The ASEAN Economic Community (AEC 2015), is set to come into effect in December, making it easier to invest in Southeast Asia. However, while most high-priority goals have been met, there still remains some work for the ASEAN region to realize the full economic, social, and trade benefits that the AEC will bring.

A research report from Ernst & Young (EY) named “Trade Secrets: ASEAN Economic Community” listed five important areas for countries in Southeast Asia to improve on: improvement of infrastructure, labor mobility, financial integration, tax code harmonization, and effectiveness of implementation.

“More than ever, policymakers and businesses across ASEAN need to work closely together and share best practices as implementation moves into full play across the region,” according to Mildred Tan, EY’s Government and Public Sector Leader for the ASEAN region.

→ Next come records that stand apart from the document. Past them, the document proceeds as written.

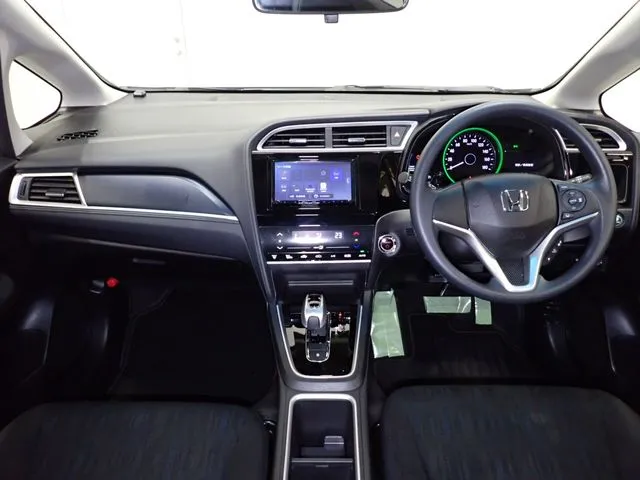 ホンダ　シャトル　ハイブリッド　４ＷＤ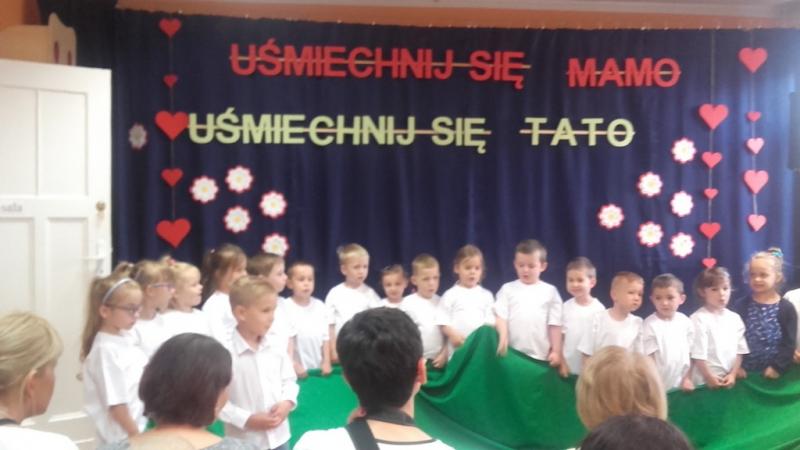 "Uśmiechnij się Mamo! Uśmiechnij się Tato"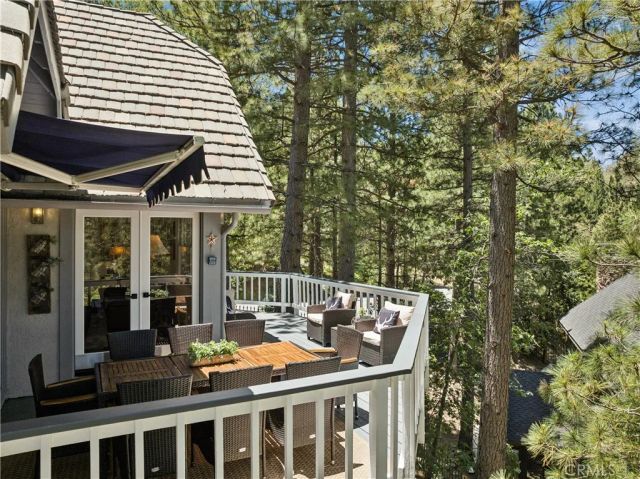 304 Lake Knoll Drive, Lake Arrowhead, CA 92352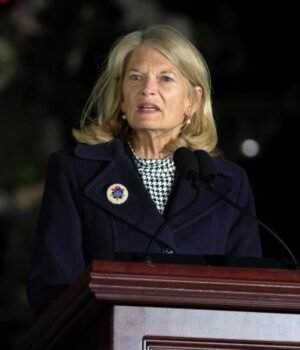 Capitol_Hill_Tree_Lighting_91148.jpg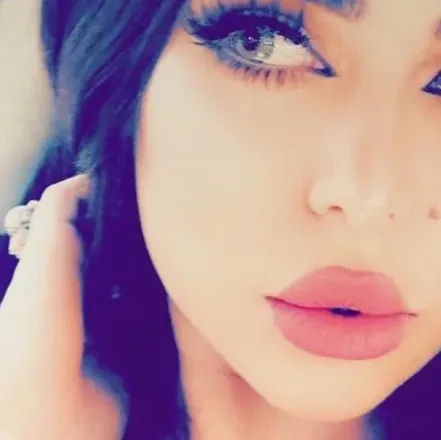 OnlyFans cuenta zooeybellaxxx0 avatar 1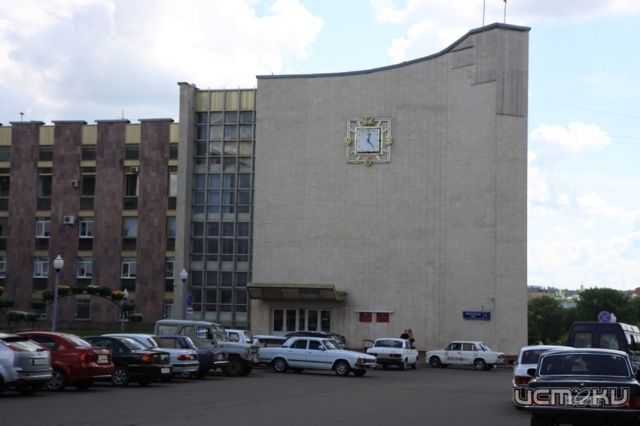 Новым директором МУП "Спецавтобаза по санитарной очистке города Орла" стал Валерий Власов Новым директором МУП "Спецавтобаза по санитарной очистке города Орла" стал Валерий Власов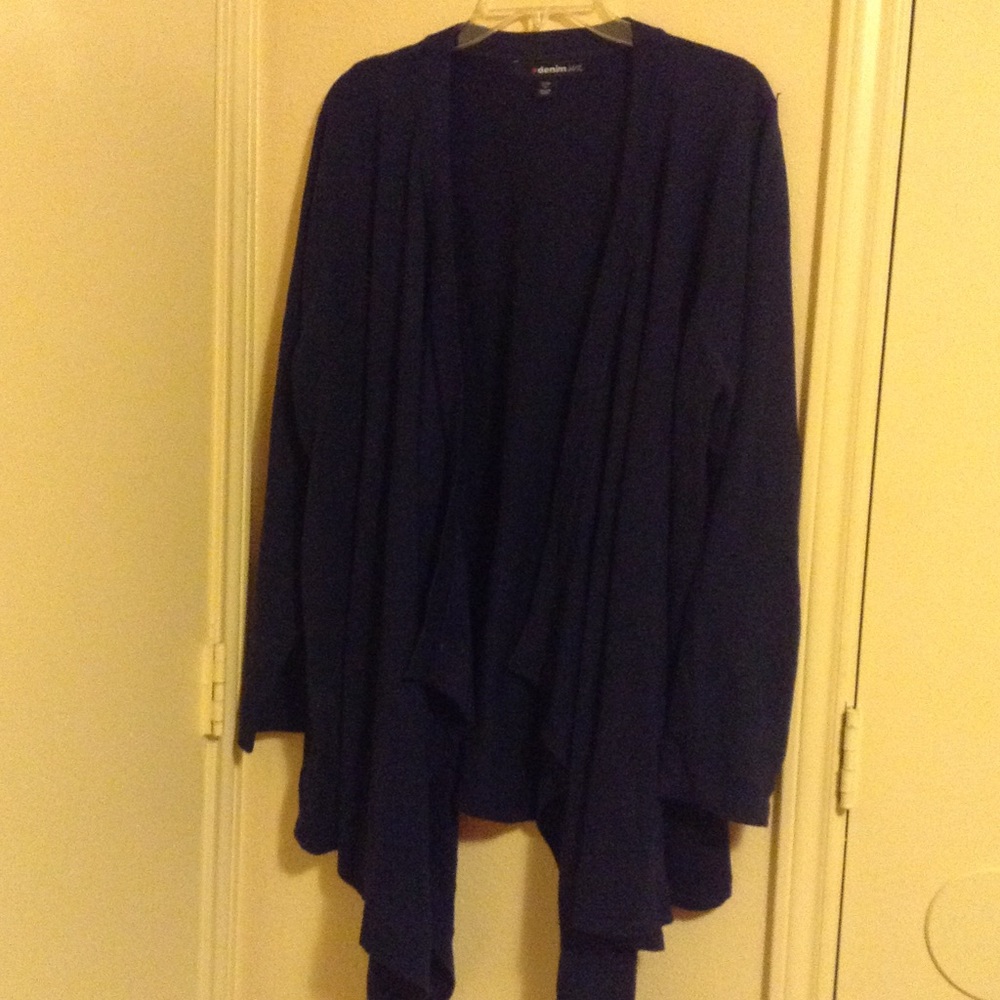 NWOT Navy blue drape sweater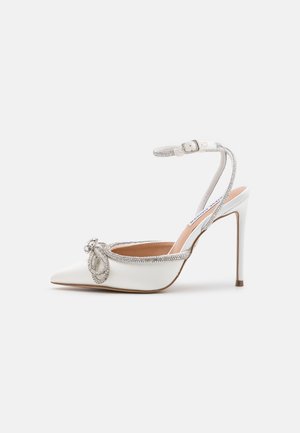 High heeled sandals - off-white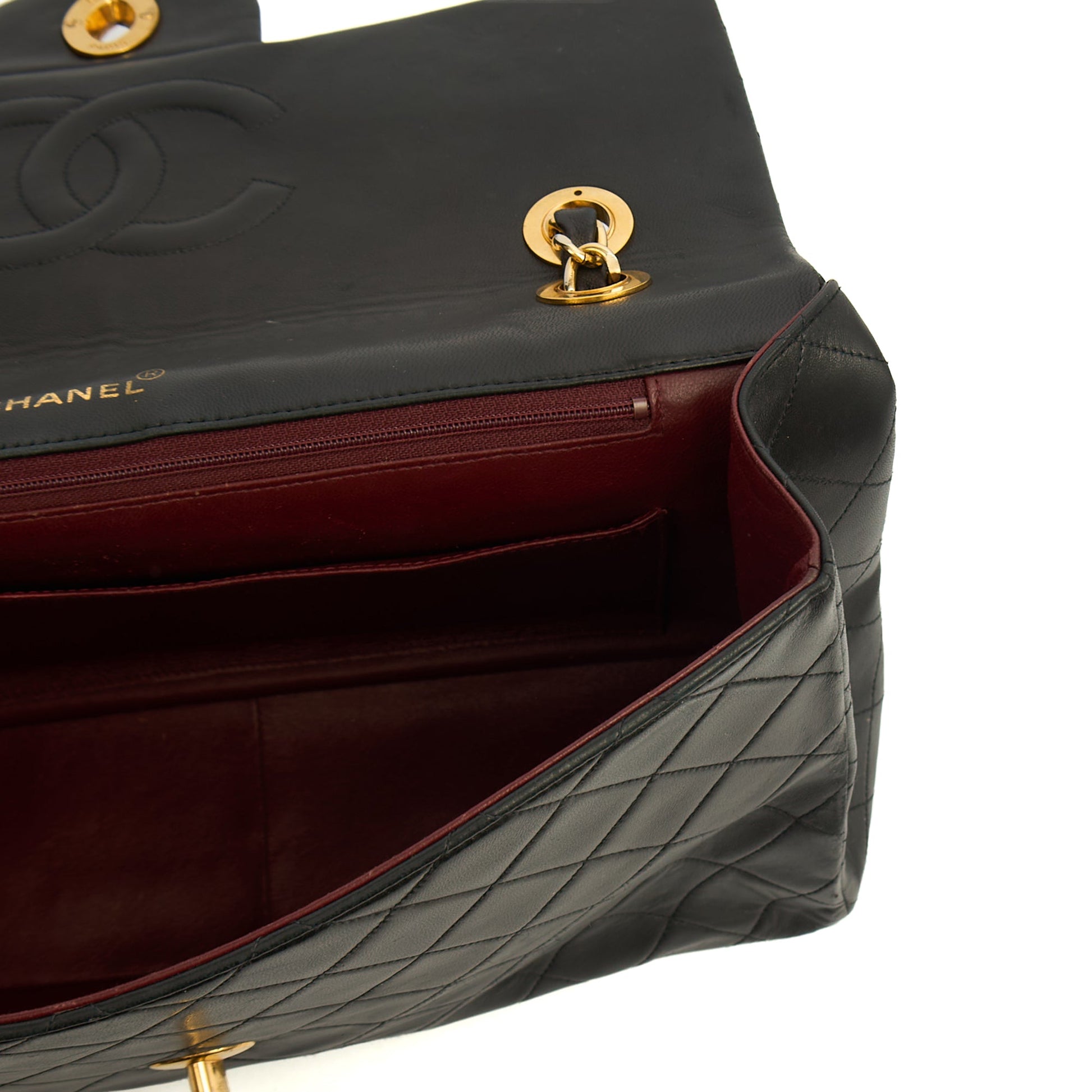 Chanel Shoulder Bag Maxi Jumbo XL in Black, Lambskin Leather — Alternate View 12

Tan, who is also EY’s country head for Singapore, said that the majority of goals needed for the AEC’s implementation have been met. However, he added that full economic integration for ASEAN will need cooperation between both businesses in the private sector and government officials in the public sector across the region.

 

Infrastructure Projects for AEC 2015

Southeast Asia’s road, railways and other infrastructure will be critical to the success of the ASEAN Economic Community. AEC 2015’s blueprint has focused on better connections in the energy and transport sectors. With rich resources and a population of over 600 million and growing, more efficient movement of people and products will enable greater competitiveness and economic growth.

Individual countries have made progress in this area. With that said, new regional infrastructure projects have been slowed by differences in national government priorities, lack of access to funding, land expropriation issues and more setbacks.

Lynn Tho, ASEAN Infrastructure Advisory Leader at EY, said that some countries in Southeast Asia countries have taken crucial measures to set up a framework. These nations have shown the political commitment to solve political, funding, and other issues.

Because infrastructure development in ASEAN has, in the past, been prioritized based on constraints and other issues faced by individual governments. Better coordination throughout the region will be the best way to meet infrastructure needs and make the AEC a success.

“The availability of regional funding support is critical. Given the scale of funding required, greater private sector investment and expertise will be key,” said EY’s report.

The report also listed the conditions for success with regard’s to ASEAN’s infrastructure. This includes setting up more public-private partnerships, centralizing government decision processes, and helping the ability for firms to manage large infrastructure projects.

 

Financial Integration and Stock Market Connectivity

The AEC, among many other things, is meant to help smooth regional investment, a connection between the region’s financial markets, and the breaking down of capital movement restrictions. The goal is to not only increase trade and investment within Southeast Asia, but to promote the 10-nation bloc as a single destination to the world.

However, with the different stages of development between all countries in ASEAN, achieving financial integration between all members is arguably the most challenging part of AEC 2015.

In order for ASEAN to meet its goals of financial integration, it will need to make progress in three areas: Harmonization of payment and settlement systems, financial services liberalization, and capital account liberalization.

To develop an integrated banking system, EY’s report recommended a dual-track implementation based on the financial development stage of each country. Indonesia, Malaysia, Philippines, Singapore and Thailand would proceed on a faster track. Brunei, Cambodia, Laos, Myanmar and Vietnam would move at a slower pace.

Liew Nam Soon, EY’s ASEAN Managing Partner said: “This dual-track implementation of the banking integration plan can mitigate the risk of excessive deregulation contributing to the development of an overly complex banking system.

“ASEAN should focus on developing banking services that matter for the real economy – and not whether ASEAN banks will be able to become internationally leading banks. Ultimately, it is better to have banks with a strong regional foothold than globally active super banks, of which their activities can pose a serious threat to financial stability.”

As far as stock market connectivity is concerned, ASEAN Exchanges is a collaboration between 7 countries in Southeast Asia which have worked on it since 2012. The platform’s goal, through the ASEAN Trading Link, will let investors to buy stocks throughout the ASEAN using their local stock broker, regardless of what country they are in.

The countries that joined the link promised to connect their stock exchanges by the end of 2015. However, it’s still not certain if all members will keep their promise.